The University lays down eligibility criteria for admissions under section II of Admission Notification number 3 of 2015, which also reads, “Those candidates who have appeared in qualifying examination and are awaiting for final year results, can also apply at their own risk and responsibility.”

As the notification does not provide any detail in this regard, common understanding and experience suggests that the candidates would be required to prove eligibility at the time of admission, or soon after that, but the University’s new diktat forces them to provide qualifying exam details even before the merit list is made public, otherwise they would be marked ‘ineligible’. I fail to understand why the University allowed candidates to appear in entrance test provisionally when it did not intend to even process their merit, leave aside offering provisional admission.

The University’s admission policy for 2015 says that “candidates having passed the qualifying examination with the required minimum percentage of marks in aggregate… are eligible to apply for admission to the respective programme/s.” But as per the admission notification, candidates whose results are awaited could appear for entrance examination. This signifies that eligibility is required to be proven at the time of “admission”, not before exhibiting the merit list. Also, the admission policy document does not mention any criteria for candidates applying provisionally, as mentioned in the admission notification. This leads to confusion among candidates whose careers are now at stake.

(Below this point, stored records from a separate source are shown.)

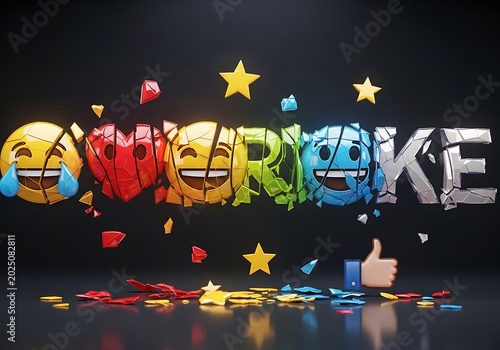 Colorful Balloons and Stars Celebrating Happiness and Joy.
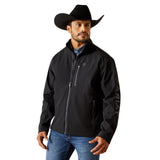 Ariat Mens Logo Softshell Jacket - Phantom/Grey Southwest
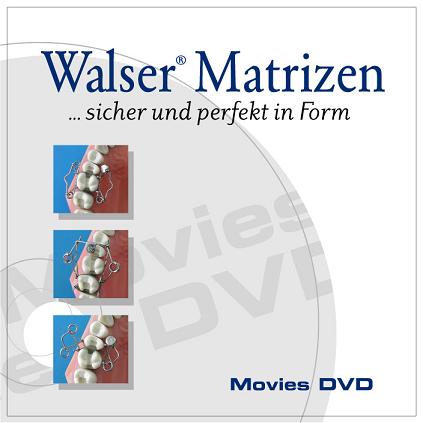 DVD Cover des Anwenderfilmes Walser Matrizen Fordern Sie jetzt den Anwenderfilm Walser Zahn-Matrizen an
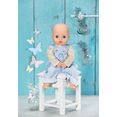 baby annabell poppenkleding outfit broek, 43 cm met kleerhanger blauw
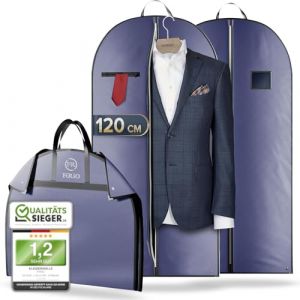 FiRiO 2 x Premium Housse Costume Voyage Pliable I MATÉRIEL JUSQU'À 50% Plus ÉPAIS I Porte Housse Costume Homme I Housse Vetement Voyage I Housse Vetements à Suspendre I Housse Chemise I 120x60cm (RIC-TECH FRANCE, neuf)
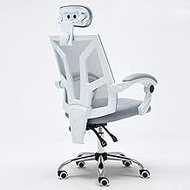 Computer Chair Household Mesh Staff Office Chair Ergonomic Chair Lift Swivel Chair Seat Boss Chair (Color : Black Frame Blue) interesting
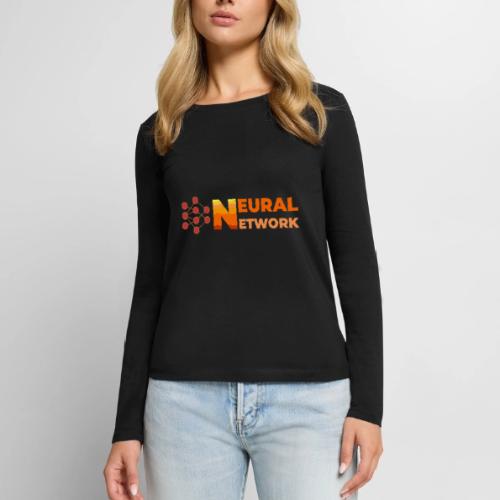 Neural Network: Digital Synapses - Women's Premium Slim Fit Long Sleeve T-Shirt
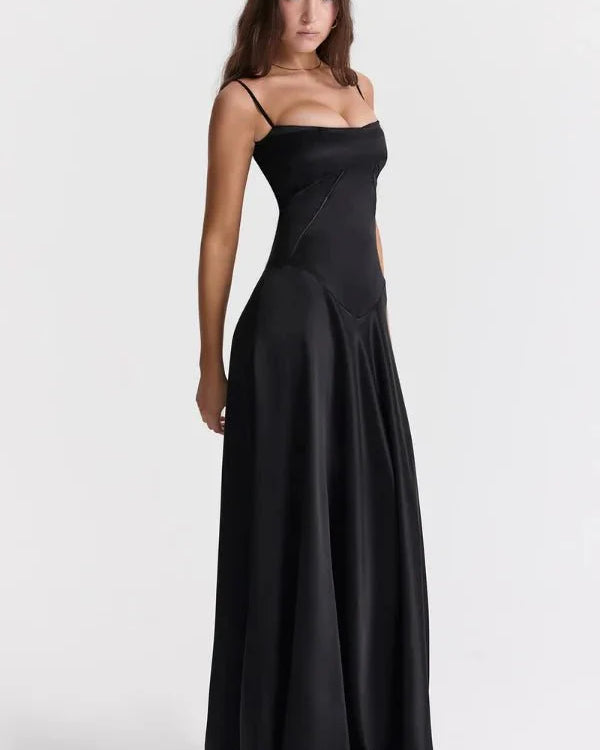 Women Dress | Elegant Evening Maxi Dress-Women Dress-Lightsnest
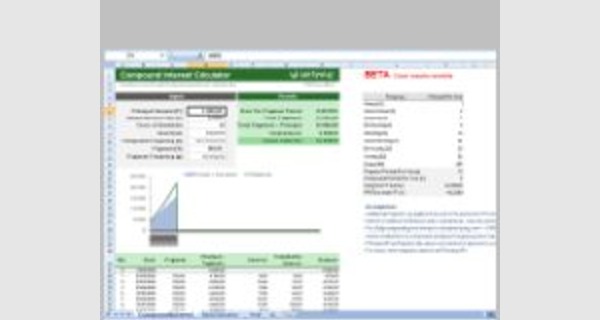 Excel template monthly compound interest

It is pertinent to mention here that the University used to conduct entrance and admission procedure in months of February and March earlier, however, it was delayed this year due to unknown reasons. In February, qualifying examination marks of most of the candidates are not declared, hence, they are not eligible for admission and have to apply next year. On the contrary, as the admission process was delayed this year, many students must have been able to save their academic year while many others still cannot seek admission due to pending results, which are mostly declared by July.

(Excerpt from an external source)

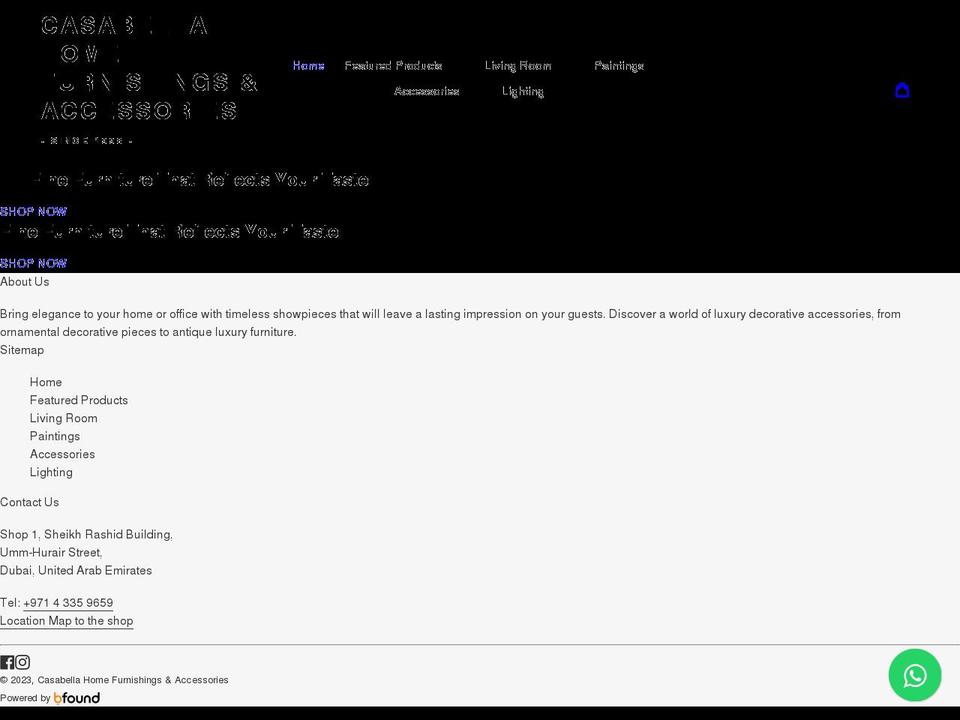 casabellahome.ae shopify website screenshot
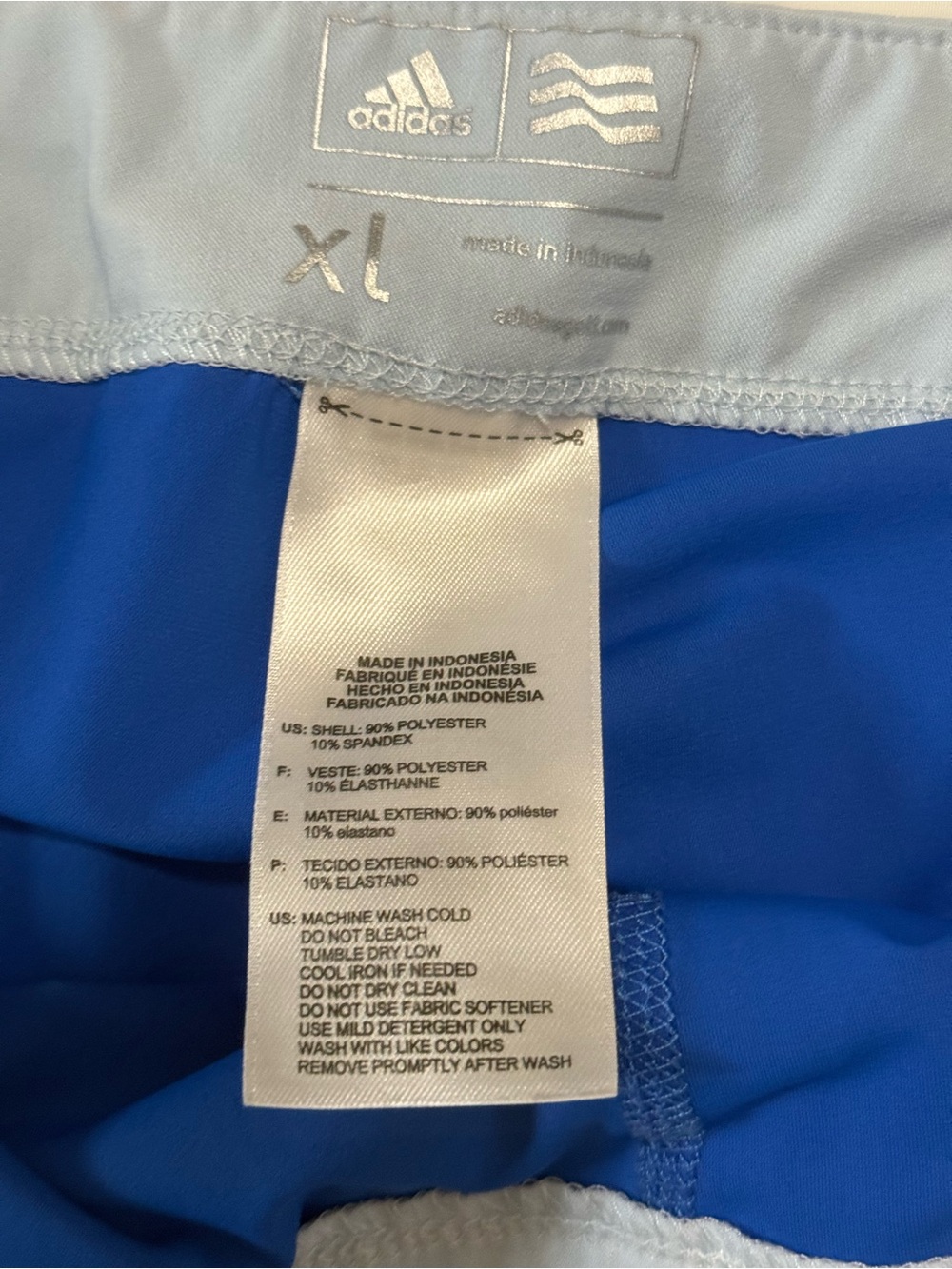 adidas Light Blue Athletic Skort with Royal Blue and White Bands in size XL - Picture 12 of 12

In this perspective, the delayed admission process came as a blessing for some students while many others still have to drop a precious academic year, which is of paramount importance owing to rising unemployment and other social concerns including late marriages, fear psychosis, rising stress and anxiety, rising suicide rates, etc. This is a mere discrimination and injustice.

The University must process the merit list of candidates and call them for admission and if they fail to produce their qualifying exam details at that stage, they may not be granted admission. A more appropriate way is to allow admission of merit holders on provisional basis, as many other Universities do, by seeking an affidavit by means of which candidates would provide qualifying examination details within a stipulated timeframe.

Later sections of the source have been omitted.